Writing Python command-line tools with cliff

As part of the Keepsafe Europe project at EDINA, we needed to build a tool to help us understand and manipulate files sent to us by publishers. We didn’t know much about the data formats we’d get (other than, as always, they would be completely inconsistent), but we knew that we would have to manipulate them in various ways, and bring them into a roughly standard format to interact with an API we’d built. We also knew we would have to be able to script this so that we could run it in the future with different data, and enable others outside the university to do this sort of manipulation for themselves.

As a first-step, we wanted to build a command-line application which would let us manipulate CSV-like data and submit requests to our API. Luckily, using Python for this turned out to be pretty simple, thanks to a framework called cliff. I couldn’t find much about cliff online, so I thought I’d write up a quick intro/advert for it here.

Python’s built-in argparse module already makes it straight-forward to build command-line scripts that take in arguments and handle them sensibly.

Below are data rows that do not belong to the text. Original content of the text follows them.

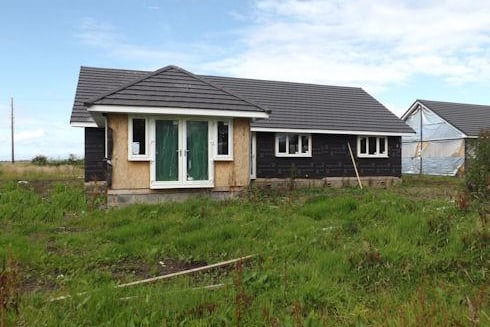 This four bedroom detached bungalow is for sale in Tarbert for offers over £75,000. It is an unfinished new build with stunning views of countryside and out to the Atlantic.
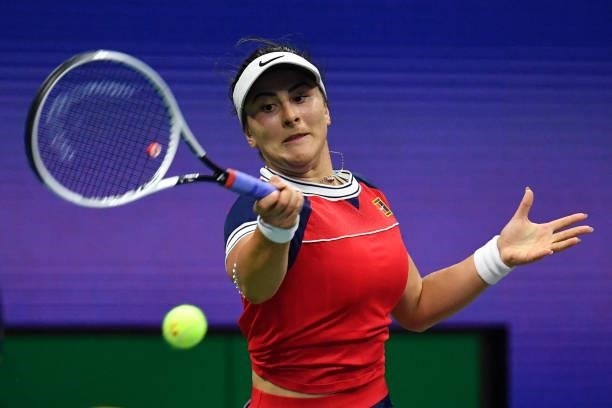 Canada's Bianca Andreescu hits a return to Greece's Maria Sakkari during their 2021 US Open Tennis tournament women's singles fourth round match at...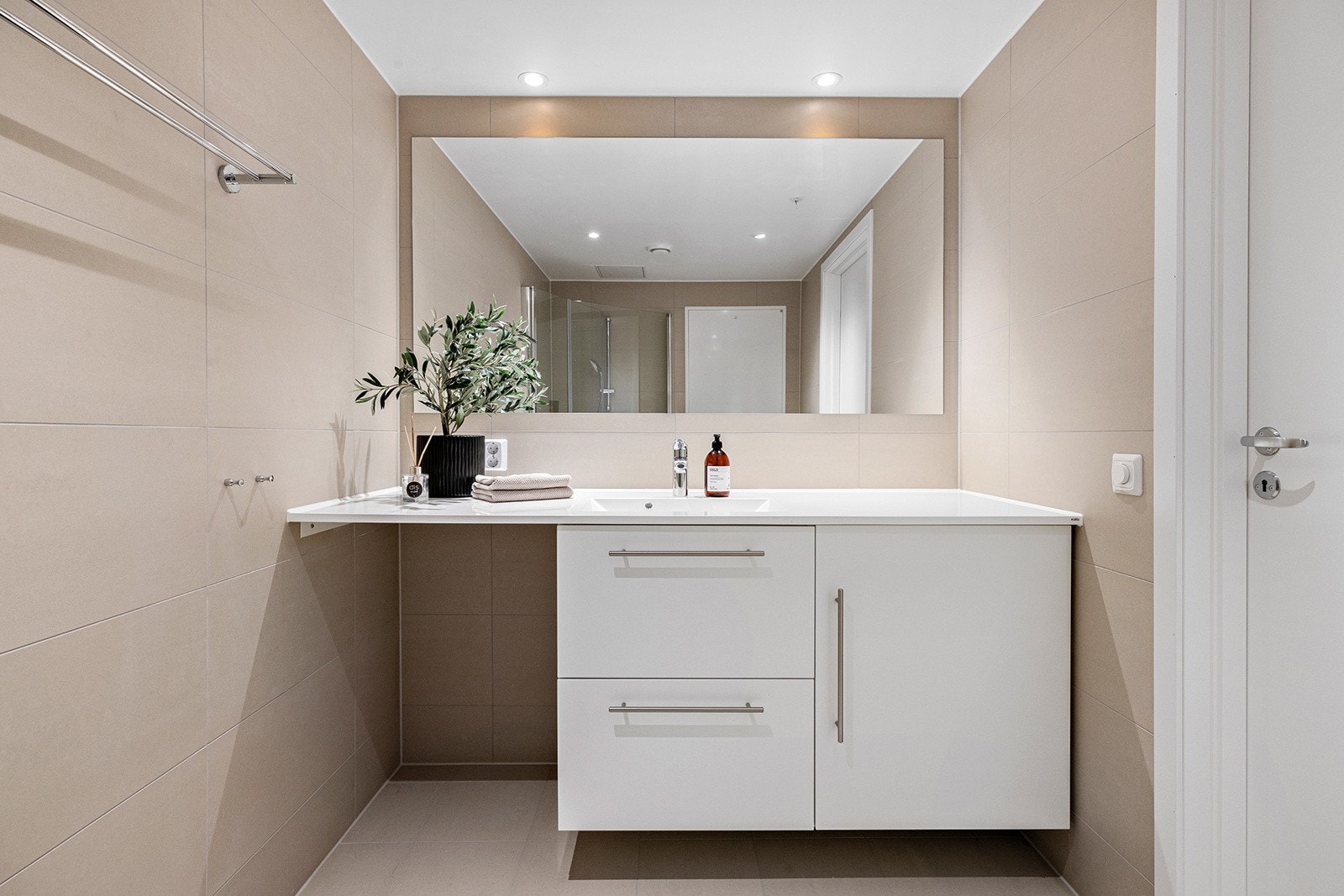 Lyst og delikat flislagt bad med opplegg til vaskemaskin. Galleribilde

What cliff does is build on top of that, allowing you to make an entire application with: subcommands (think git add, git commit, git ...); an interactive shell; base classes for common types of commands such as listing data; and output  formatted in a variety of fashions.

I’m going to work through a very basic, stripped-down version of our app, to help you get a feel for what cliff can do.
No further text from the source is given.